Although "less significant than the intrinsic record in determining the legally operative meaning of claim language," the court may rely on extrinsic evidence to "shed useful light on the relevant art." Phillips, 415 F.3d at 1317 (quotation omitted). Technical dictionaries and treatises may help the court understand the underlying technology and the manner in which one skilled in the art might use claim terms, but such sources may also provide overly broad definitions or may not be indicative of how terms are used in the patent. Id. at 1318. Similarly, expert testimony may aid the court in determining the particular meaning of a term in the pertinent field, but "conclusory, unsupported assertions by experts as to the definition of a claim term are not useful." Id. Generally, extrinsic evidence is "less reliable than the patent and its prosecution history in determining how to read claim terms." Id. Extrinsic evidence may be useful when considered in the context of the intrinsic evidence, id. at 1319, but it cannot "alter a claim construction dictated by a proper analysis of the intrinsic evidence." On-Line Techs., Inc. v. Bodenseewerk Perkin-Elmer GmbH, 386 F.3d 1133, 1139 (Fed. Cir. 2004).

III. Discussion

A. Disputed Terms

The parties dispute the construction of five terms.2 The following table summarizes the parties' proposed constructions of the disputed terms.

Claim Term/Phrase

Affinity's Proposed Construction

Clear Channel's Proposed

Construction
1. "a non-transitory storage medium including an application configured for execution by the wireless cellular device"

(Claim 1)

[No construction necessary]

Or, if construed:

"a non-transitory memory including an application which has been configured for execution by the wireless cellular device"

"a non-transitory memory in the wireless cellular telephone device that stores an application which has been configured for execution by the wireless cellular device"

2. "to receive a streaming media signal in the wireless cellular device corresponding to the regional broadcasting channel"

(Claim 1)

"streaming media signal representing the regionally broadcasted content"

(Claim 14)

[No construction necessary]

"to receive in the wireless cellular telephone device as a streaming media signal a broadcast currently available on the regional broadcasting system"

(Claim 1)

"streaming media signal delivering content currently available on the regional broadcast"

(Claim 14)

3. "on-demand audio information selectable by a user"

(Claim 5)

[No construction necessary]

Or, if construed:

"electronically transmitted information available for selection by a user such as songs, on-line radio stations, on-line broadcasts, streaming audio, video, text or other selectable information"

"information identifying particular sound recordings playable over a communications link when selected by a user"

4. "login" (Claim 7)

[No construction necessary]

"information identifying a user, such as a username or password"

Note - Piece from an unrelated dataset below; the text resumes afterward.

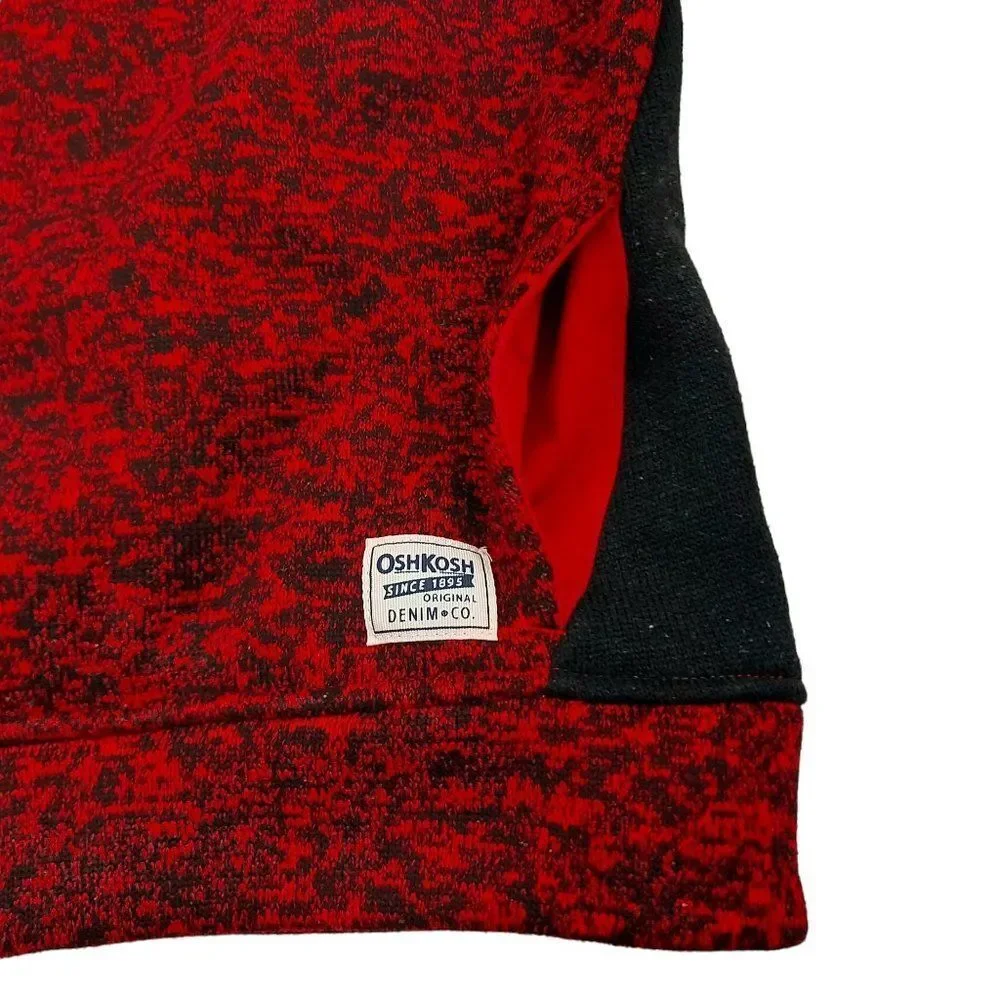 Oshkosh B'gosh Fleece Sweater Boys 14 Red Black 1/4 Zip Lightweight Travel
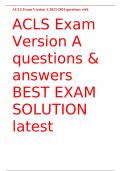 ACLS Exam Version A questions &answers BEST EXAM SOLUTION latestupdate 2023&sol;2024 graded  A&plus;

5. "advertisements are targeted to a specific demographic"

(Claim 21)

[No construction necessary]

Or, if construed:

"advertisements are targeted to a population characteristic"

"advertisements are selected based on a population characteristic provided by the user, such as the user's race, gender, age, income, profession, or education level"

1. "a non-transitory storage medium including an application configured for execution by the wireless cellular device"

The parties' only dispute over this term centers on whether the nontransitory memory described in the claim must be located in the cellular telephone device or not. Clear Channel argues that the claims and specification require that the memory must be in the telephone device; Affinity counters that there is no support to so limit the claim. Primarily, Affinity asserts that no construction is necessary. However, Affinity also concedes that if construction is required, most of Clear Channel's proposal is acceptable, with the exception of the "in the wireless cellular telephone device that stores" clause.

Clear Channel first argues that the claim must be read as being divided into two separate clauses referencing first "a network based resource" and second a "a...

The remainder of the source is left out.